Le Tribunal des Activités Économiques de Paris a rendu un jugement réputé contradictoire le 15 décembre 2025 dans un litige opposant une société de location financière à un hôtel exploitant un établissement hôtelier. Le contrat de location longue durée portait sur des téléviseurs et prévoyait une résiliation automatique en cas d’impayés. Après le rejet des prélèvements trimestriels à compter de janvier 2023, le bailleur a résilié le contrat et assigné le locataire défaillant en paiement des loyers et indemnités. La question centrale portait sur le bien-fondé des demandes indemnitaires et la qualification de la clause pénale. Le tribunal a partiellement fait droit aux prétentions du bailleur tout en réduisant la pénalité contractuelle à un euro symbolique.
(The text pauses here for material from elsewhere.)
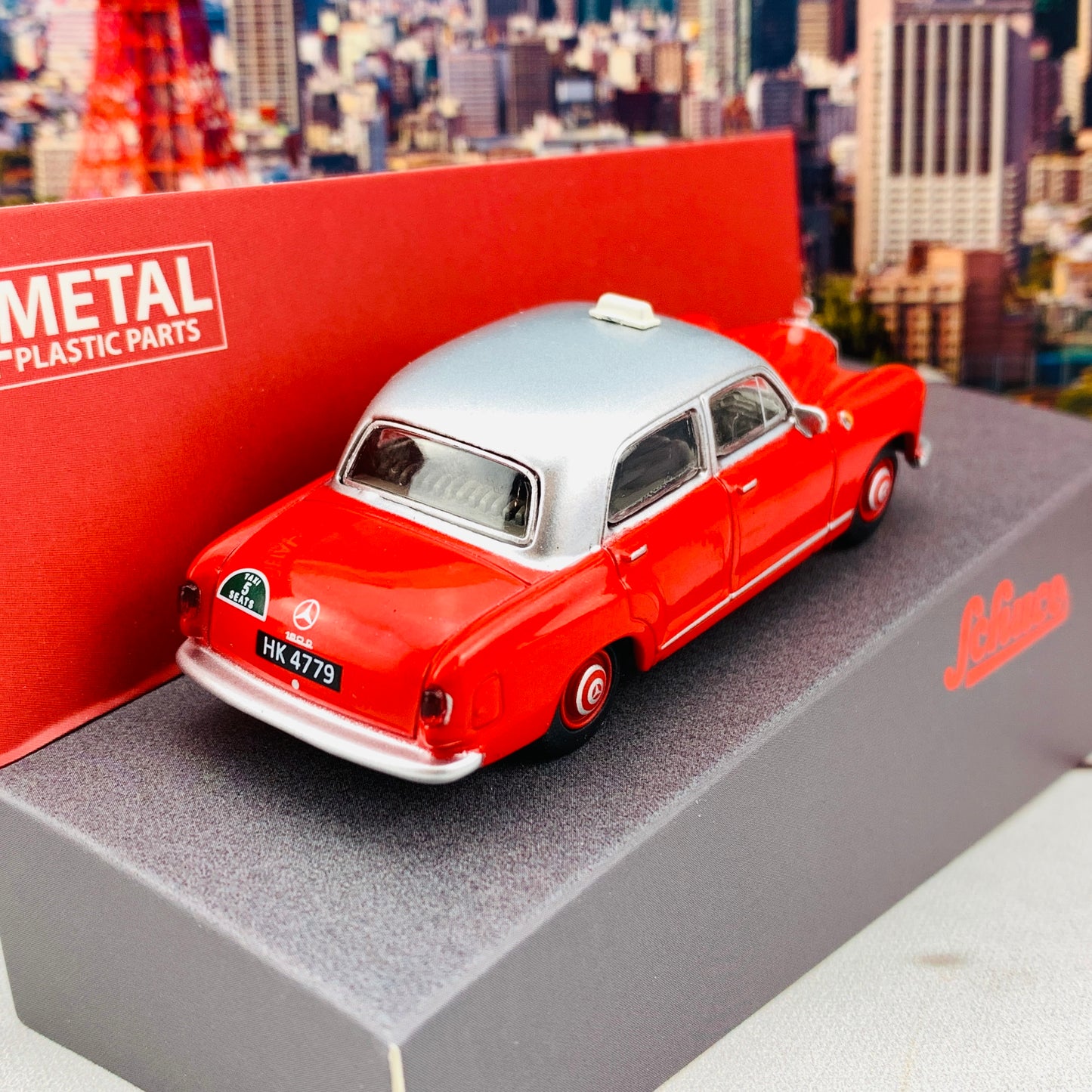 Schuco 1/64 Mercedes Benz 180D Ponton Hong Kong Taxi Silver/Red - Hong Kong Limited Edition 香港限定版 452025700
Sur la recevabilité et le principe de la créance.
Le juge a rappelé que le contrat légalement formé tient lieu de loi aux parties conformément à l’article 1103 du code civil. Il a constaté la réalité des impayés et la validité de la résiliation unilatérale prévue à l’article 9 des conditions générales. Cette décision confirme la force obligatoire des conventions et la régularité de la clause résolutoire insérée dans un contrat de location financière. Cette solution a une valeur pédagogique pour les professionnels qui utilisent ce type de clause automatique. Sa portée est limitée car la défenderesse était absente et n’a soulevé aucun moyen.
Sur la modération de la clause pénale.
Le tribunal a réduit la pénalité forfaitaire de dix pour cent à un euro en application de l’article 1231-5 du code civil. Il a estimé que la somme demandée était manifestement excessive car le bailleur ne justifiait d’aucun préjudice autre que la perte des loyers. Cette décision illustre le pouvoir modérateur du juge même en l’absence de demande du débiteur défaillant. Sa valeur est importante car elle rappelle que le cumul de l’intégralité des loyers à échoir et d’une pénalité peut être sanctionné. Sa portée est de dissuader les bailleurs de réclamer des indemnités disproportionnées dans leurs contrats types.
Sur le rejet de l’indemnité de non-restitution.
Le juge a débouté le bailleur de sa demande d’indemnité contractuelle de non-restitution du matériel loué. Il a considéré que l’octroi de cette somme créerait un double emploi avec la condamnation au paiement des loyers à échoir. Cette solution repose sur une analyse économique du contrat car les loyers intègrent déjà l’amortissement du bien. Sa valeur est de prévenir un enrichissement sans cause du créancier qui cumulerait le prix et la restitution. Sa portée est limitée au cas d’espèce mais elle constitue un principe général de proportionnalité des réparations.